What you will do:
An exact copy is required of the lines running from the one that contains "8 rooms Commercial" to the end of the material, both ends included, with pictures omitted.

Collected material:
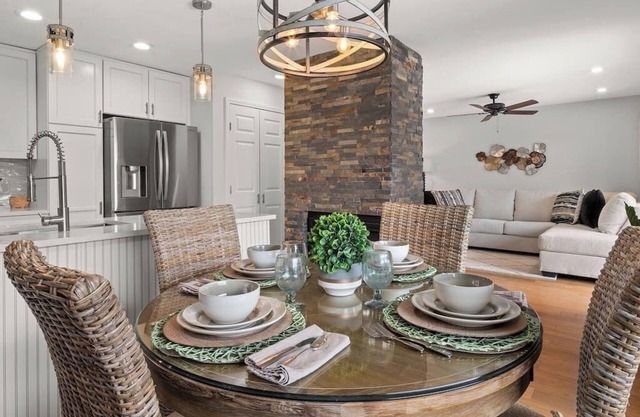 Totally stunning condo minutes to everything Stowe
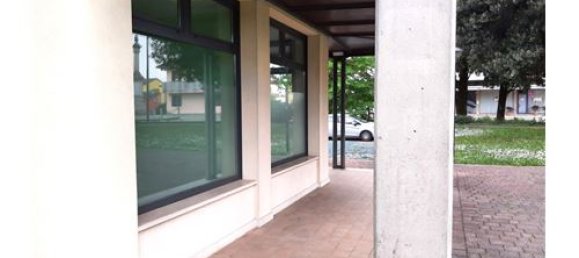 8 rooms Commercial property in Susegana, Italy No. 298626 13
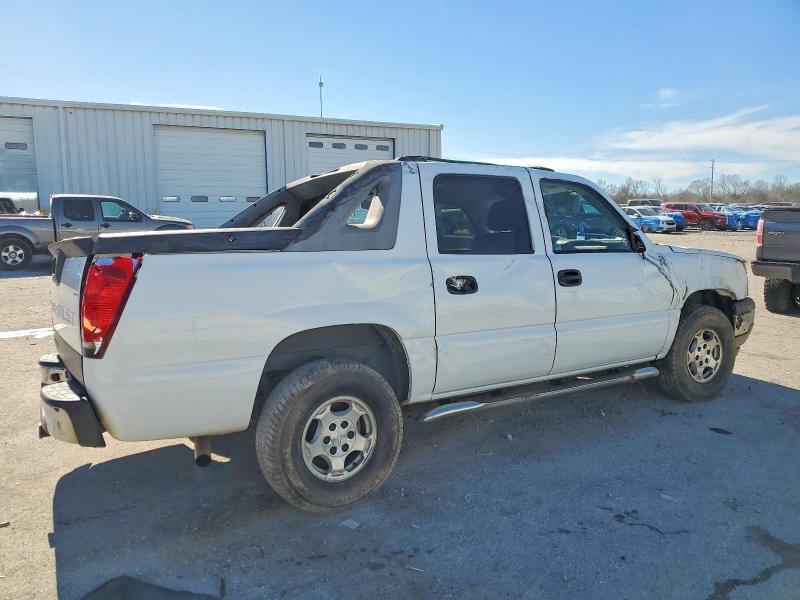 Photo 3 from auction – 2005 CHEVROLET AVALANCHE with VIN 3GNEC12Z65G123519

Answer to the problem:
 8 rooms Commercial property in Susegana, Italy No. 298626 13
 Photo 3 from auction – 2005 CHEVROLET AVALANCHE with VIN 3GNEC12Z65G123519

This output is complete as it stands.